Coronavirus: Czech business group slams opaque, ‘discriminatory’ timetable for reopening shops, services

Photo: Gabriela Hauptvogelová / Czech Radio

With the coronavirus pandemic now seemingly under control in the Czech Republic, the government this week rolled out a plan to reopen certain types of shops and services over the coming seven weeks, in five stages. The plan has come under fire by groups such as the Czech Confederation of Commerce and Tourism, which finds the scope and timetable “discriminatory” in some cases and altogether “unreasonably slow”.

Tomáš Prouza,  photo: Khalil Baalbaki / Czech Radio
The government’s timetable envisions a gradual reopening of shops and services under strict hygiene conditions between April 20 and June 8. First to reopen will be farmers markets, for example, followed by shops of up to 1,000 square metres and gyms as of May 12, and restaurants and cafés with outdoor gardens and hairdressers as of May 25., and finally of big shopping centres and indoor food sector businesses as of June 8.

Tomáš Prouza, president of the Czech Confederation of Commerce and Tourism, says the government failed to consult representatives of the affected sectors or explain its decision-making process and the respective thresholds for reopening businesses. Furthermore, he says, the measures are “discriminatory”.

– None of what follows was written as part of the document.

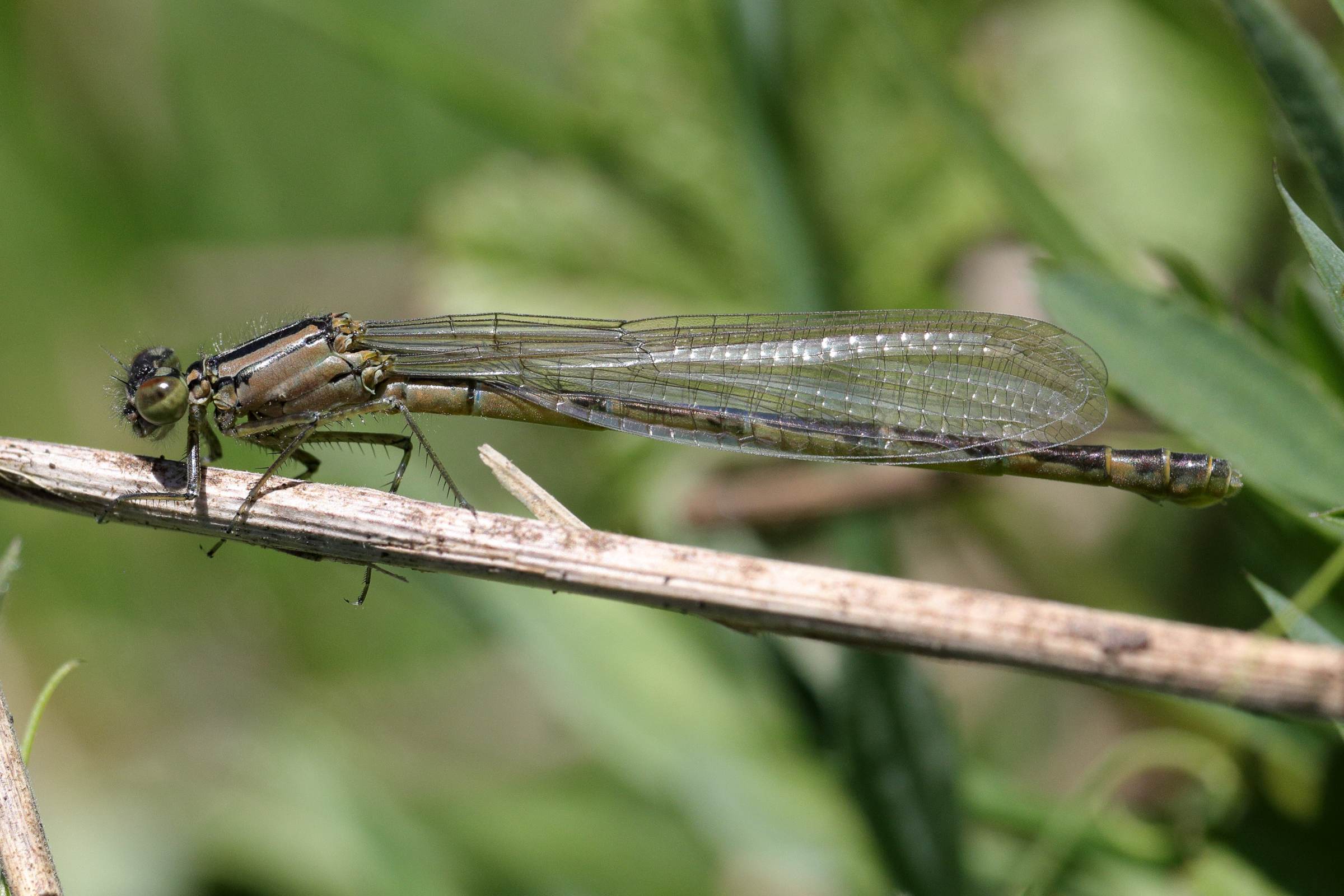 A pale brown young female Common Blue Damselfly with darker markings on the back of her thorax and abdomen.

“First of all, we’re still puzzled as to what model the government is using to evaluate the evolution of the epidemic, what are the thresholds that would slow the process or allow the government to move faster than they have proposed. We still see this lack of accountability on the government’s side.

“The second main issue we see with the proposal is that it seems very slow. The number of [coronavirus] cases has dropped significantly, but still the government is talking about opening most stores only in June, with quite a few restrictions remaining through the summer, including travel bans and significant limits on tourism activity.

“The third main challenge we see is that in the past the government has always looked at individual sectors, so here they would allow opening all food stores, all stores selling household goods. And all of a sudden, they switched to limiting the opening of shops based on square footage.

“This will of course help the small stores, but if there is a competitor selling similar goods that is a bit larger, that shop would be significantly disadvantaged might even go out of business if it opens three weeks later than its competitor.”

The Association of Shopping Malls, for example, has also protested against the government’s timetable, arguing that it discriminates against their members, which could easily meet the strict hygiene norms required of stores allowed to open sooner.

But above all, Mr Prouza says, business leaders have been frustrated by what they perceive as a lack of transparency and communication beyond making pronouncements.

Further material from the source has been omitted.